Exhibit C: Sia’s "Titanium" (click here to listen) on David Guetta’s album, Nothing But The Beat. Sia’s music has always been quirky pop, but I actually prefer the shiny spin that Guetta provides her soulful voice and lyrics. With a chorus in which she sings, “I'm bulletproof, nothing to lose/Fire away, fire away/Brick of shame, take your rain/Fire away, fire away/You shoot me down but I won't fall/I am titanium,” an electronic kick only enhances the ferocity of this power girl’s delivery.
Exhibit D is Kelis. She’s not necessarily indie, but she’s never been as well known as the leading ladies in R&B/Pop, including Beyoncé and Rihanna, except for 2003’s omnipresent "Milkshake" (For some reason my milkshake isn’t bringing all the boys to the yard. Girlfriend needs to send me her recipe. Kelis?). Her 2010 album, Flesh Tone, saw Kelis abandon the hip-hop beats of her past for a brand new direction that was totally gay and totally yay. On the single "Brave" (click here to listen), she starts out revealing the mistakes of her past, singing “I'm not ashamed of winning/But it wasn't that way in the beginning/It was this way/It was kiss me/Come kick me and diss me/I had to give it up.” She then states how having a child saved her, “All of this pain you had given /It's just a reminder of livin/It was crazy, had a baby/He's amazin, he saved me.” This chick’s no sell-out. The synths cloak her emotion and allow her to deliver a sort of truth that I can’t imagine being captured in any other style but dance.

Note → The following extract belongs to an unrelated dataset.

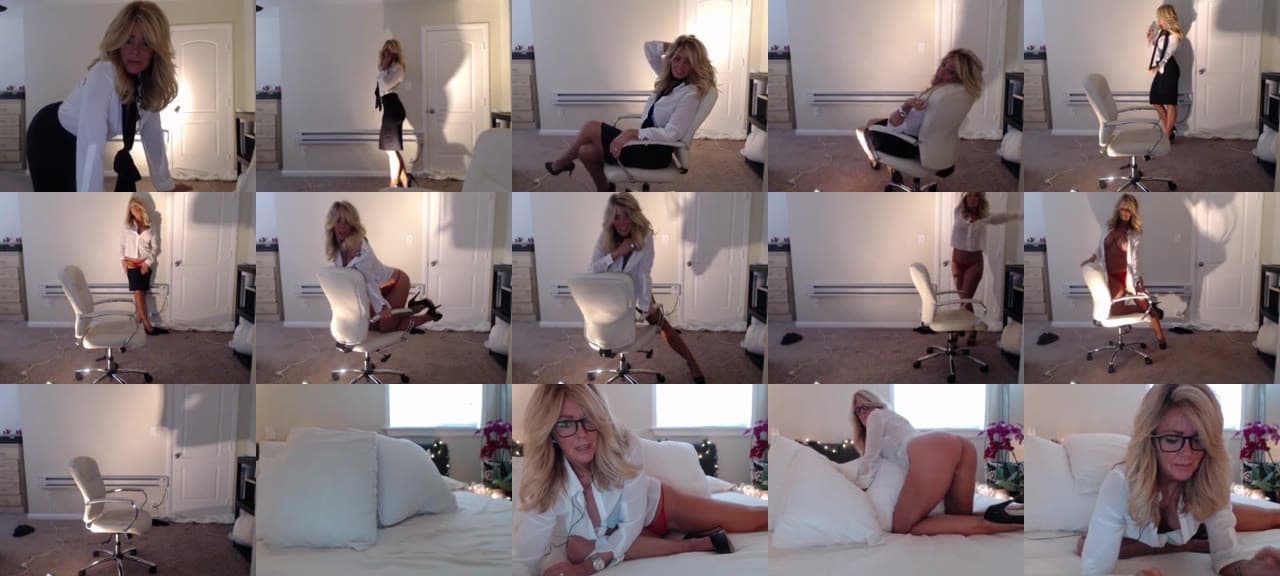 Yoga_Bare-MFC-201601281948_m.jpg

Exhibit E. Robyn. Of all the indie chicks now doing dance music, Robyn is the most prominent. Ironically, the dance direction she took after her teen pop ‘90s years actually made her more popular among indie music lovers. She serves as an excellent example of the beauty and purity that dance production can provide to some raw, emotional lyrics. One of my favorite tracks is "Cry When You Get Older" (click here to listen) on Body Talk Pt. 1. “Hey girl in the strobing light/what ya momma never told ya/is love hurts when you do it right/you can cry when you get older/Young boy by the traffic light/what ya daddy never told ya/is love hurts when you do it right/you can cry when you get older…I start out with good intentions, but mess it up like all the time/I try to keep up with appearance, but always end up way out of line/I need some kinda miracle, cause I've lost all my faith in science/so I put my faith in me.” This song appeals to those who have felt like outsiders (so basically, that’s everyone). Many of us have been the boy in the traffic light or that girl in the strobing light, and that’s what I love about this song and all of the songs that I’ve mentioned in this post. A bunch of people view electronic pop music as a betrayal of all that’s real and true, but I see it as the opposite. It gives us a chance to dance through our pain, to exorcise ourselves of our insecurities. These girls’ lyrics allow us to do it with songs that reflect our own feelings (as opposed to listening to another song about taking shots, which has its place but gets a bit monotonous after a while. I don’t need anyone telling me how to take a shot. I’m a big boy and am well versed in the practice). During these moments on the dance floor, we connect with our wounded inner selves in a spiritual way, and it’s all thanks to the indie gals who’ve bypassed the coffee shop on their way to the gay club.